The country’s procurement and supply officials for services said business activity in the services sector expanded for the third consecutive month in September. The services PMI came in at 54.9 percent, the highest reading since February 2023 and indicates sector’s expansion for the forty-ninth time in 52 months.
The report was released today by Steve Miller, chairman of the Institute for Supply Management’s Services Business Survey Committee in September, the services PMI came in at 54.9 percent, 3.4 percentage points higher than August’s figure of 51.5 percent. The September reading was the seventh time the composite index was in expansion zone this year. The business activity index came in at 59.9 percent in September, 6.6 percentage points higher than the 53.3 percent recorded in August, marking the third month of expansion after contraction in June. The new orders index expanded to 59.4 percent in September, 6.4 percentage points higher than August’s figure of 53 percent. The employment index contracted for the first time in three months, with a reading of 48.1 percent, down 2.1 percentage points from 50.2 percent recorded in August.
“The Supplier Deliveries Index came in at 52.1 percent, which is 2.5 percentage points higher than the index grew by 49.6 percent in August. The index returned to expansion in September, suggesting a slowdown in supplier delivery performance after two months of contraction or “acceleration”. (The supplier delivery index is the only one that is reversed; a reading of more than 50 percent indicates that deliveries are slowing, which is normal as the economy improves and customer demand increases.)
Impact of different sectors on PMI
Different sectors significantly influence overall PMI readings, with each sector reflecting unique economic conditions, challenges and growth dynamics. Here’s how different sectors affect overall PMI readings:
1. Manufacturing Sector
Contribution to the PMI: The manufacturing PMI focuses specifically on the manufacturing sector, which includes industries such as automotive, electronics, textiles and machinery.

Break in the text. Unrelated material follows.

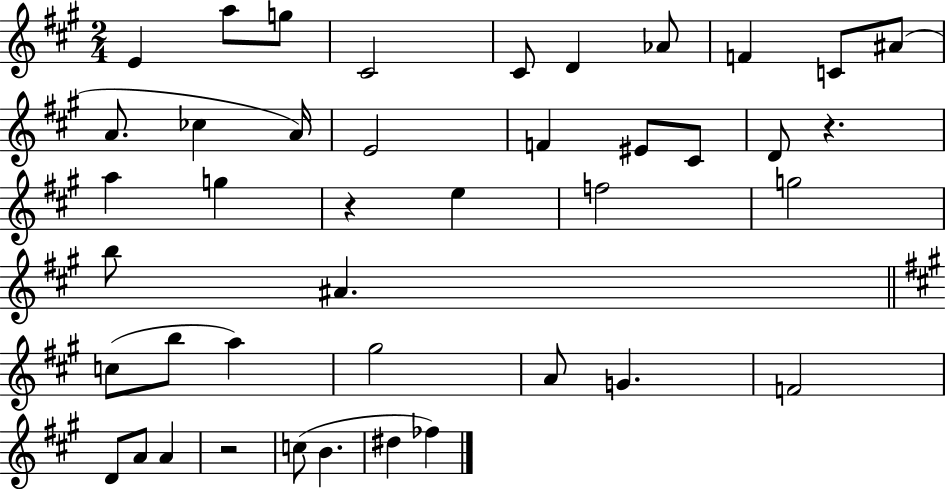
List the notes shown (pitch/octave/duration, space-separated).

Key indicators: Factors such as production levels, new orders and inventory management directly affect the PMI. If manufacturing activity is strong, it usually leads to a higher PMI reading. which may indicate inflationary pressures
Impact on economic growth: The manufacturing sector often drives economic cycles. Strong growth here could signal strong economic overhaul, pushing the composite PMI higher.
2. Services Sector
Contribution to PMI: The services PMI covers a wide range of industries, including finance, healthcare, retail and hospitality.
Key indicators: Metrics such as business activity, new business and employment levels in the services sector are crucial. The growing services sector typically reflects increased consumer spending and confidence.
3. Construction Sector
Contribution to PMI: Although often included in the services PMI, the construction sector plays a vital role in overall economic health and can influence PMI readings.
Key indicators: Factors such as new construction projects, housing construction starts, and infrastructure spending can affect both manufacturing and service PMI.
4. Retail Sector
Contribution to PMI: The performance of the retail sector is mainly captured in the services PMI.
Key indicators: sales figures, inventory levels and consumer sentiment are critical. Strong retail performance indicates healthy consumer demand, boosting services PMI readings.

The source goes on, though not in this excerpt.